Dans une affaire ou des copropriétaires, après avoir acheté des lots de combles, ont transformé leur appartement en un duplex comportant plusieurs pièces supplémentaires, aboutissant à une valorisation globale des lots détenus, la Cour d'appel de Paris avait donc cru logique de débouter un copropriétaire de sa demande que soient réputées non écrites la clause de répartition des charges générales, et que le juge les modifie pour tenir compte de la valorisation de l'appartement concerné. Pour rejeter la demande, l'arrêt de la cour d'appel retient qu'il résulte des termes de l'article 5 de la loi du 10 juillet 1965 que l'estimation de la valeur relative des parties privatives s'opère "lors de l'établissement de la copropriété" et que la clause de répartition des charges générales ne peut pas être déclarée non écrite au motif que les critères de répartition des charges seraient d'ordre public.

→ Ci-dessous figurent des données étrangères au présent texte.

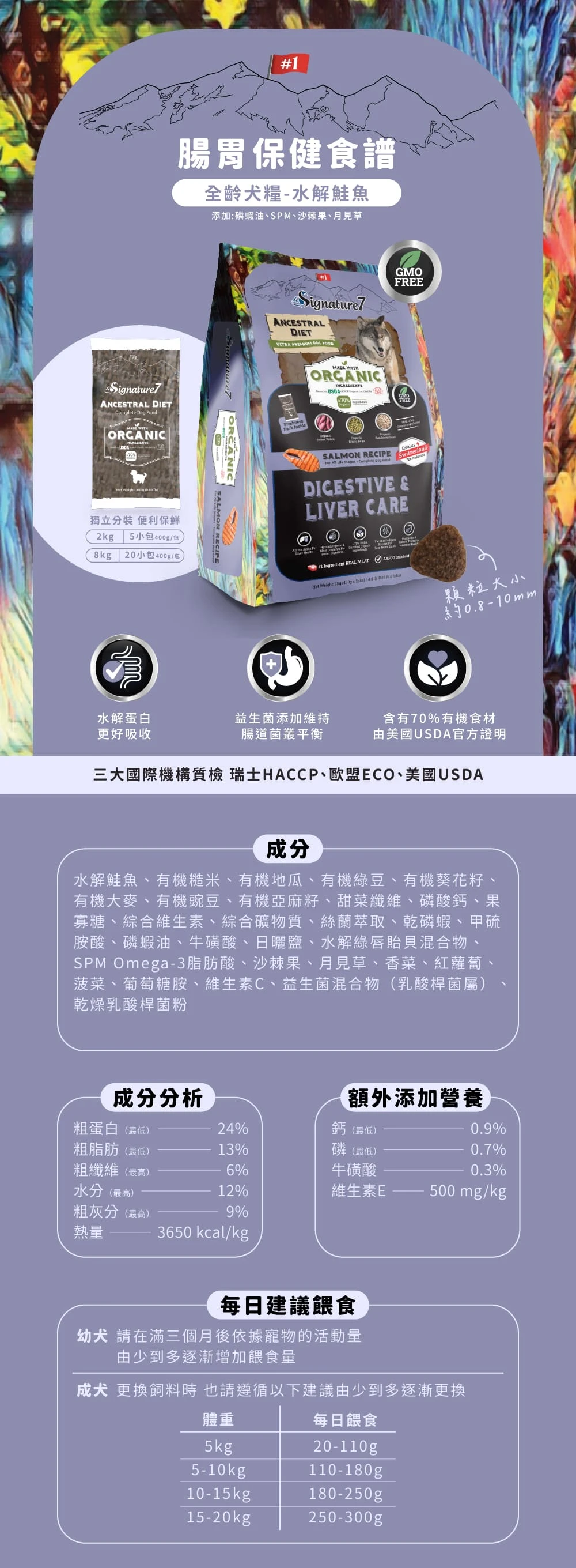 【心寵】全齡犬糧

Surprise, la Cour de cassation censure la Cour d'appel de Paris : elle estime qu'ayant constaté que la transformation de l'appartement avait eu des répercussions sur la consistance, la superficie et la situation de leurs lots en augmentant la valeur relative de ceux-ci par rapport à celle de l'ensemble des parties privatives de l'immeuble, elle aurait dû accéder à la demande (1) !

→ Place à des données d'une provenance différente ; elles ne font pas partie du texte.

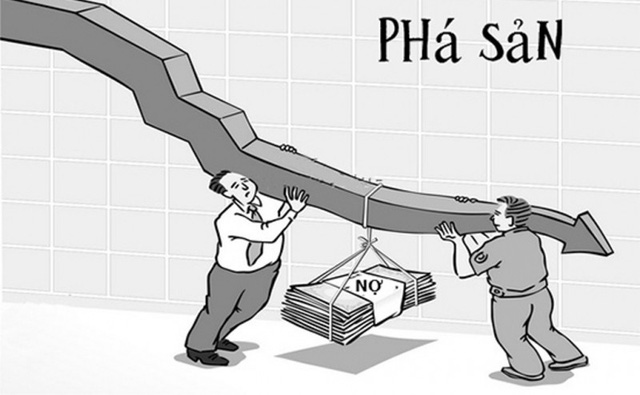 Doanh nghiệp và htx đã có quyết định mở thủ tục phá sản thì như thế nào?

Cet arrêt appelle en réalité une interprétation fine qui n'apparaît pas dans les commentaires parus à ce jour : les tantièmes généraux fixés dans l'état descriptif de division, en principe conformément à l'article 5, fixent en premier lieu les quotes-parts de propriété des parties communes générales et en particulier du terrain de la copropriété. En aucun cas on ne peut imaginer que le juge puisse les modifier après coup, car cela entraînerait des transferts de propriété entre les copropriétaires. Mais la plupart du temps, les règlements de copropriété prévoient que la répartition des charges se fasse en fonction de ces mêmes tantièmes. L'arrêt de la Cour de cassation permet en fait au juge de procéder à la modification de la répartition des charges générales indépendamment des tantièmes généraux. Mais les tantièmes généraux restant inchangés, la modification n'affecte pas les voix avec lesquelles doivent voter les copropriétaires en assemblée sur les questions relatives à l'administration des parties communes et toutes les décisions qui peuvent être considérées comme liées à la propriété. Il y a donc dédoublement des grilles de tantièmes ; par contre, lorsqu'il s'agit de faire application de ce qui est devenu le III de l'article 24, à savoir la disposition selon laquelle, "lorsque le règlement de copropriété met à la charge de certains copropriétaires seulement les dépenses d'entretien d'une partie de l'immeuble ou celles d'entretien et de fonctionnement d'un élément d'équipement, il peut être prévu par ledit règlement que ces copropriétaires seuls prennent part au vote sur les décisions qui concernent ces dépenses", "chacun d'eux [votant] avec un nombre de voix proportionnel à sa participation auxdites dépenses", on doit alors utiliser la nouvelle répartition s'appliquant aux charges...
(1) Cass., 3ème Ch. civ., 28 janvier 2016, n°14-26921.